WHAT THE EXERCISE ASKS: Write out each record in full and exactly as given. Skip any pictures.

[SOURCE INFORMATION]

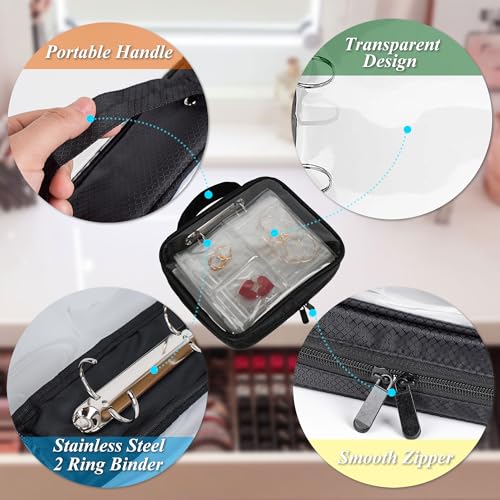 Travel Jewelry Organizer Case Transparent Jewelry Storage Book Binder Bag for Earrings, Rings, Necklace, Bracelet,Black4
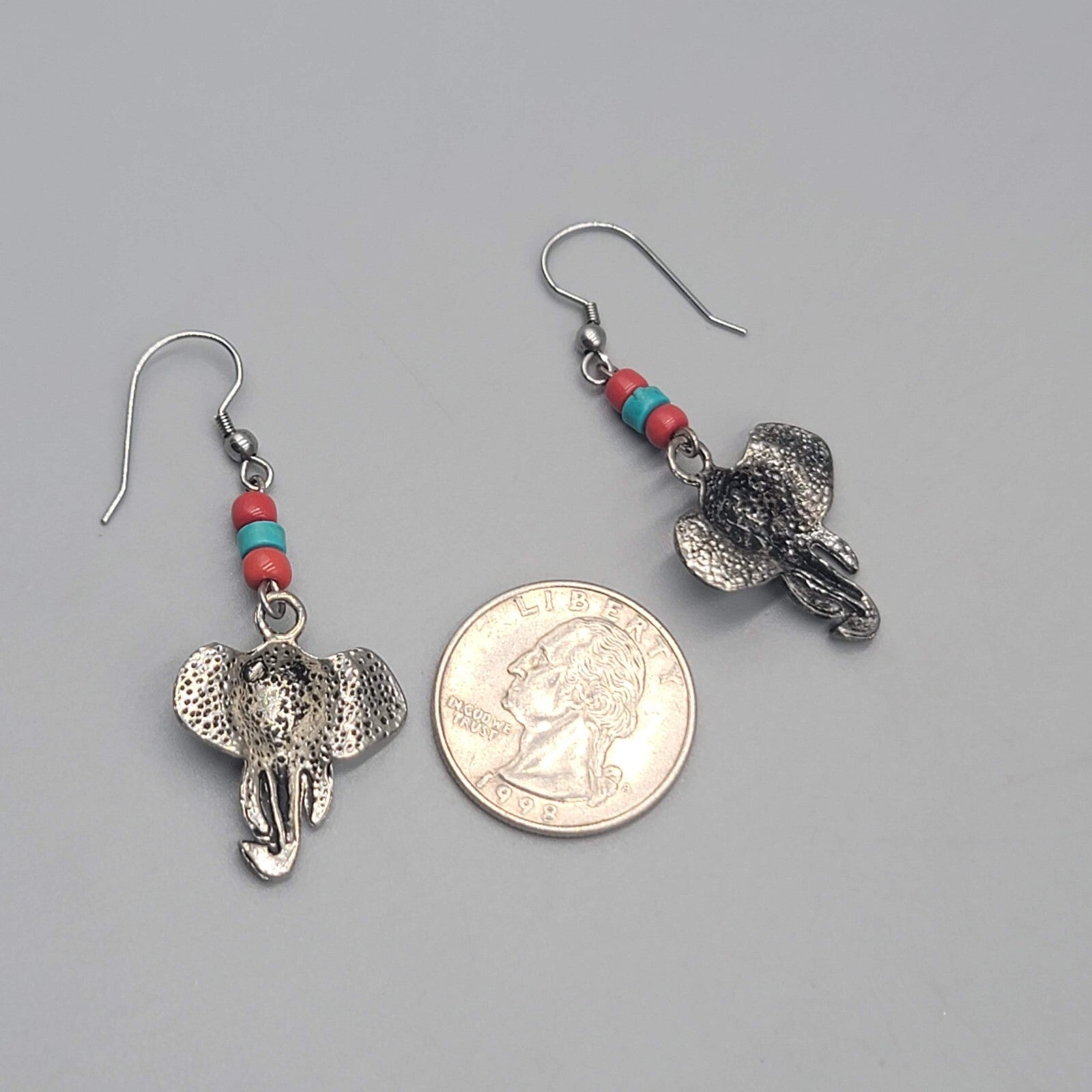 Elephant Bead Pierced Earrings Dangle Silver tone 1.5"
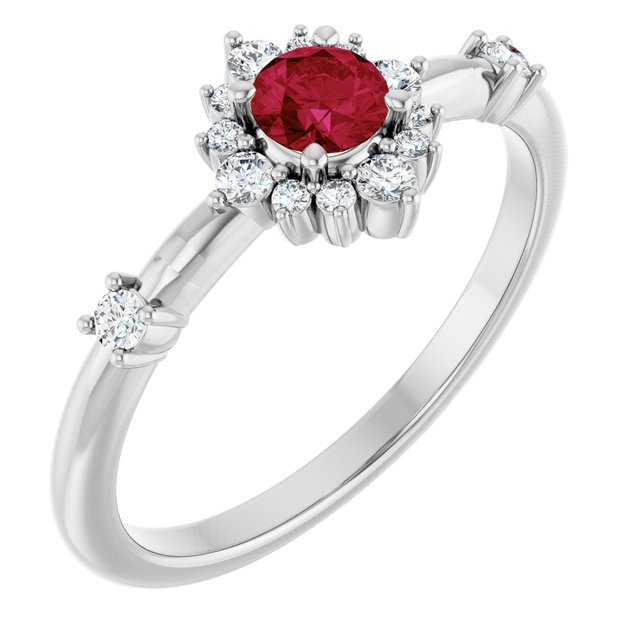 Sterling Silver Lab-Grown Ruby & 1/6 CTW Natural Diamond Halo-Style Ring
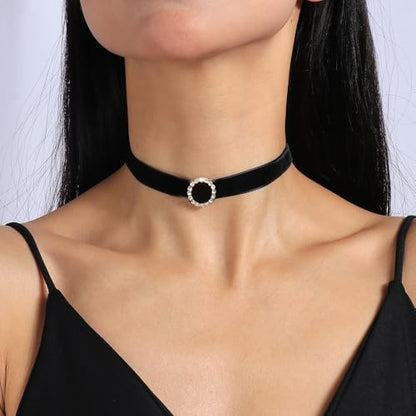 Black Choker Necklaces for Women 90s Red Black Velvet Choker Necklace Thick Thin Chocker Tube Heart Circle Choker Necklace Lace Tatto Collar Necklace Goth Choker Jewelry - style: D3-Black
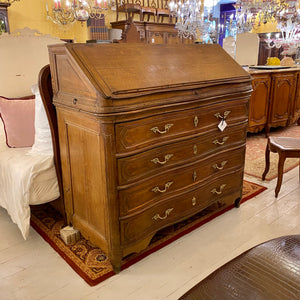 Antique Oak Writing Bureau with Brass Handles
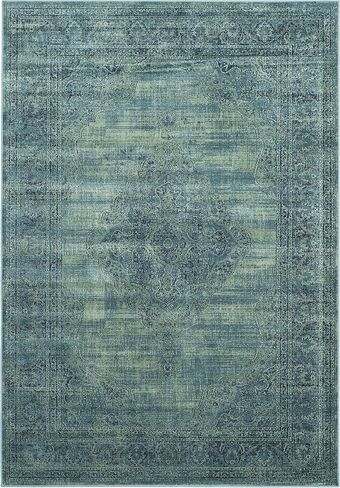 SAFAVIEH Vintage Collection Area Rug - 5'3" x 7'6", Turquoise & Multi, Oriental Medallion Distressed Viscose Design, Ideal for High Traffic Areas in Living Room, Bedroom (VTG112-2220) in Saudi Arabia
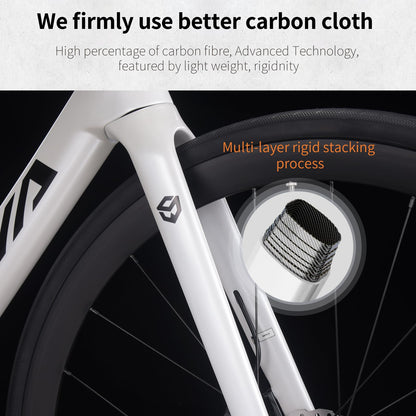 SAVADECK Carbon Siber Road Bike, 24 Speeds Shifting Road Bicycle with Shimano Ultegra Di2 8170 Groupset, Carbon Race Bike with Carbon Frame and Carbon Wheelset Disc Brake for Adult(Black,51cm)
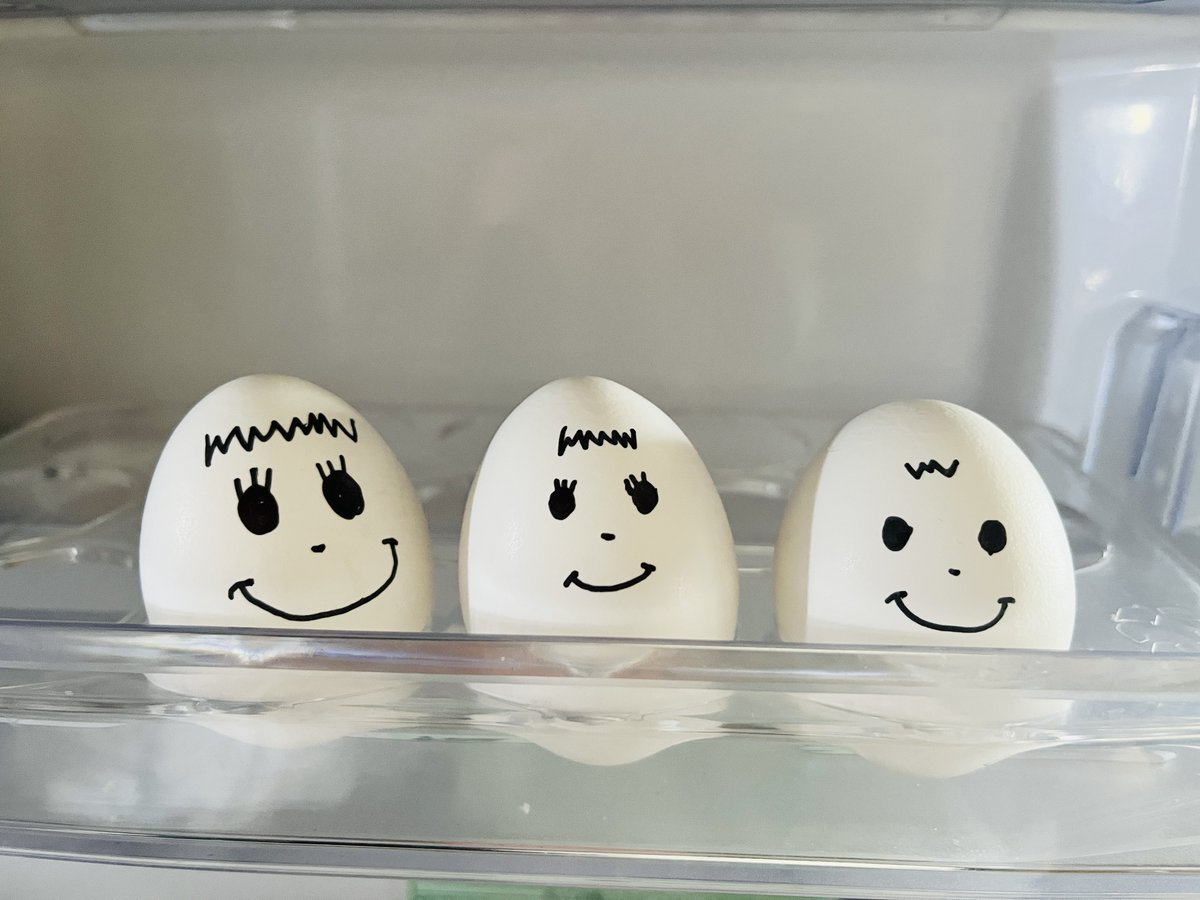 おはようございます！
今日の天気は曇り時々晴れ☁☀

卵の期限が切れかけていたので
ゆで卵にして落書きしました～🥚😃
冷蔵庫開けるたびに癒されてます🥰

今日も1日頑張りましょう💪

#企業公式が毎朝地元の天気を言い合う   
#企業公式秋のフォロー祭り
#企業公式相互フォロー祭り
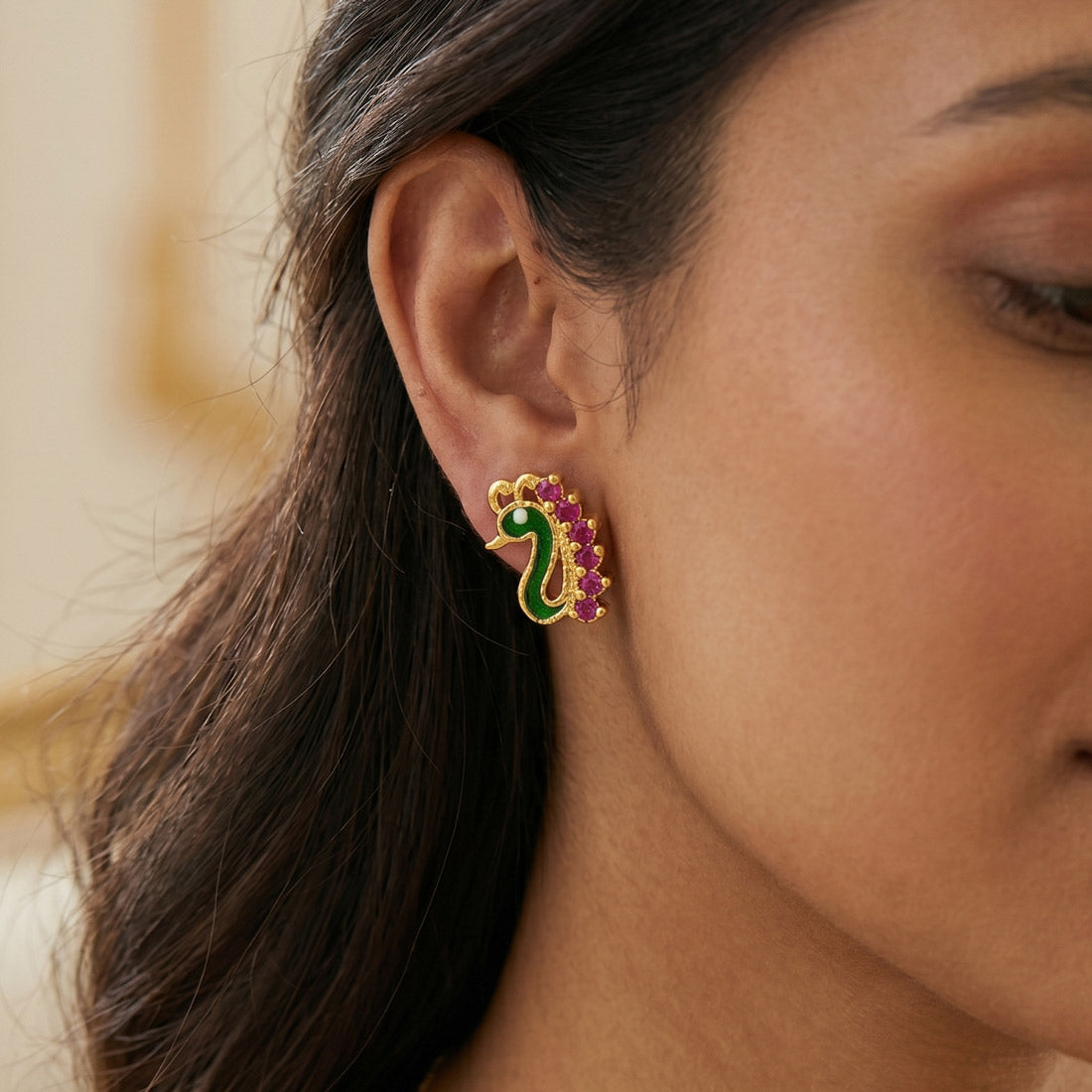 Gold Plated Enamel Peacock Design Stone Ear Studs - Ruby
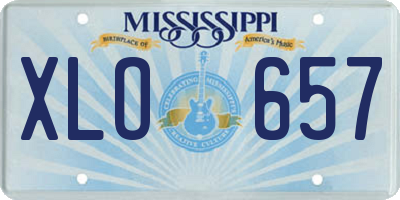 MS license plate XLO657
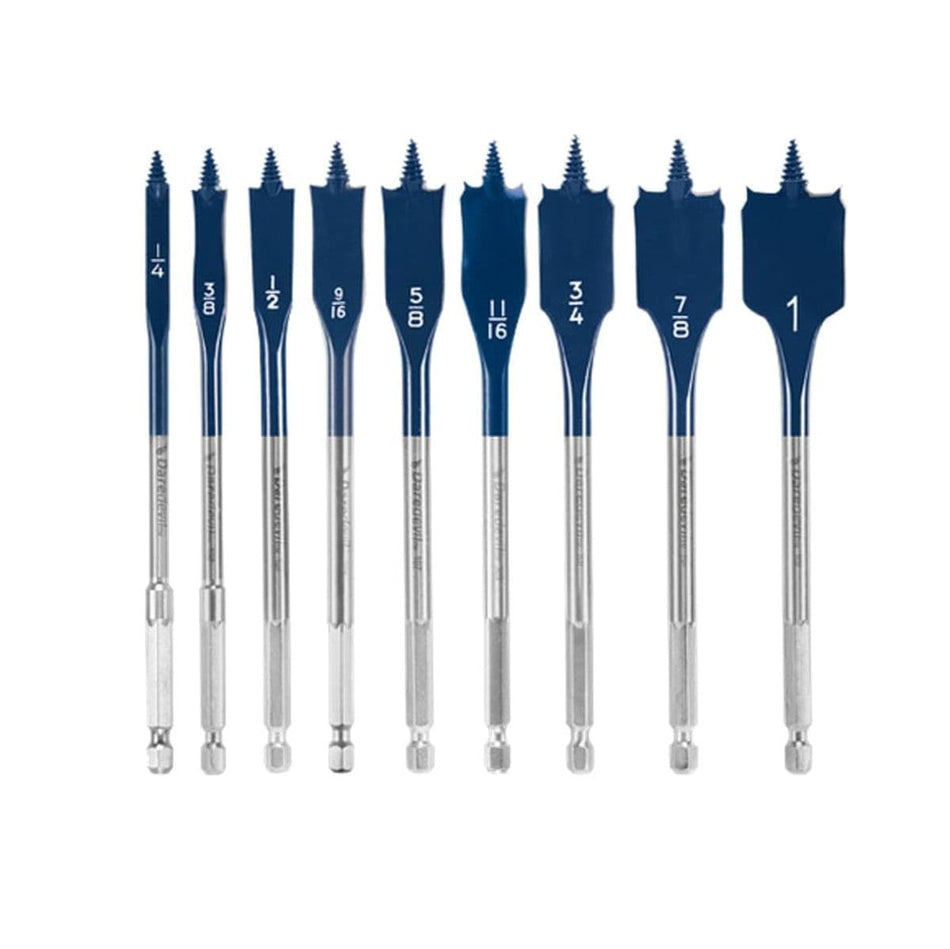 Studio view of nine blue Daredevil spade bits arranged by size ranging from 1/4 inch to 1 inch.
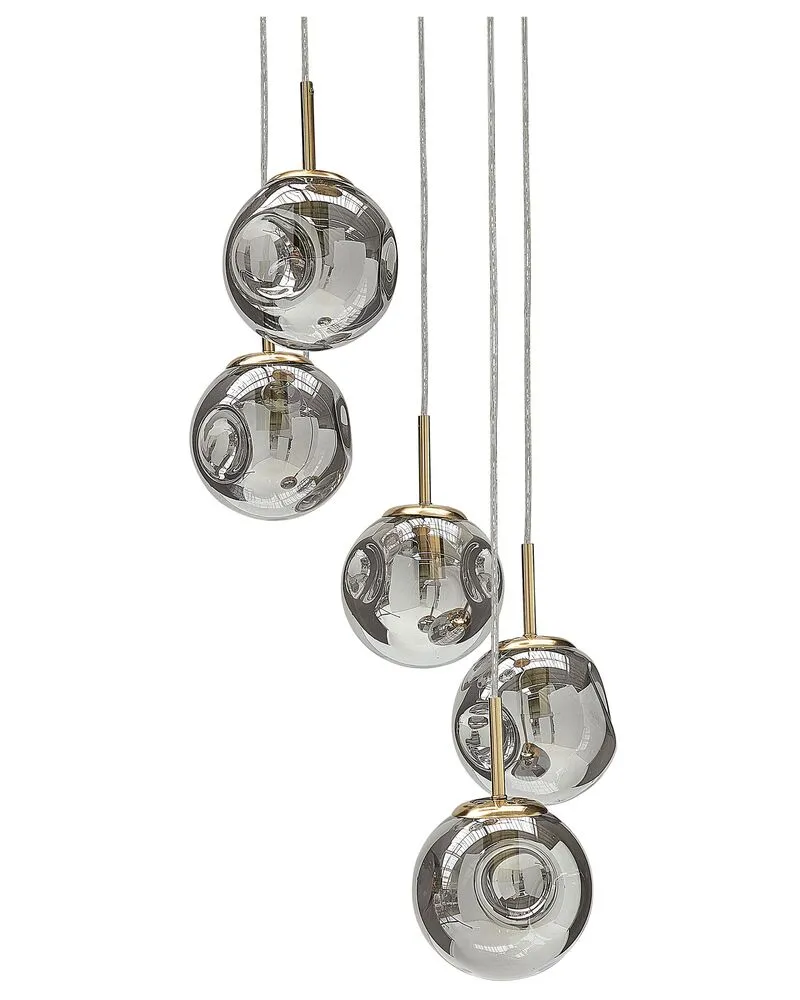 Lustre à 5 ampoules en verre diaphane et cuivré RALFES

[/SOURCE INFORMATION]

WRITTEN RESPONSE:
 Travel Jewelry Organizer Case Transparent Jewelry Storage Book Binder Bag for Earrings, Rings, Necklace, Bracelet,Black4
 Elephant Bead Pierced Earrings Dangle Silver tone 1.5"
 Sterling Silver Lab-Grown Ruby & 1/6 CTW Natural Diamond Halo-Style Ring
 Black Choker Necklaces for Women 90s Red Black Velvet Choker Necklace Thick Thin Chocker Tube Heart Circle Choker Necklace Lace Tatto Collar Necklace Goth Choker Jewelry - style: D3-Black
 Antique Oak Writing Bureau with Brass Handles
 SAFAVIEH Vintage Collection Area Rug - 5'3" x 7'6", Turquoise & Multi, Oriental Medallion Distressed Viscose Design, Ideal for High Traffic Areas in Living Room, Bedroom (VTG112-2220) in Saudi Arabia
 SAVADECK Carbon Siber Road Bike, 24 Speeds Shifting Road Bicycle with Shimano Ultegra Di2 8170 Groupset, Carbon Race Bike with Carbon Frame and Carbon Wheelset Disc Brake for Adult(Black,51cm)
 おはようございます！
今日の天気は曇り時々晴れ☁☀

卵の期限が切れかけていたので
ゆで卵にして落書きしました～🥚😃
冷蔵庫開けるたびに癒されてます🥰

今日も1日頑張りましょう💪

#企業公式が毎朝地元の天気を言い合う   
#企業公式秋のフォロー祭り
#企業公式相互フォロー祭り
 Gold Plated Enamel Peacock Design Stone Ear Studs - Ruby
 MS license plate XLO657
 Studio view of nine blue Daredevil spade bits arranged by size ranging from 1/4 inch to 1 inch.
 Lustre à 5 ampoules en verre diaphane et cuivré RALFES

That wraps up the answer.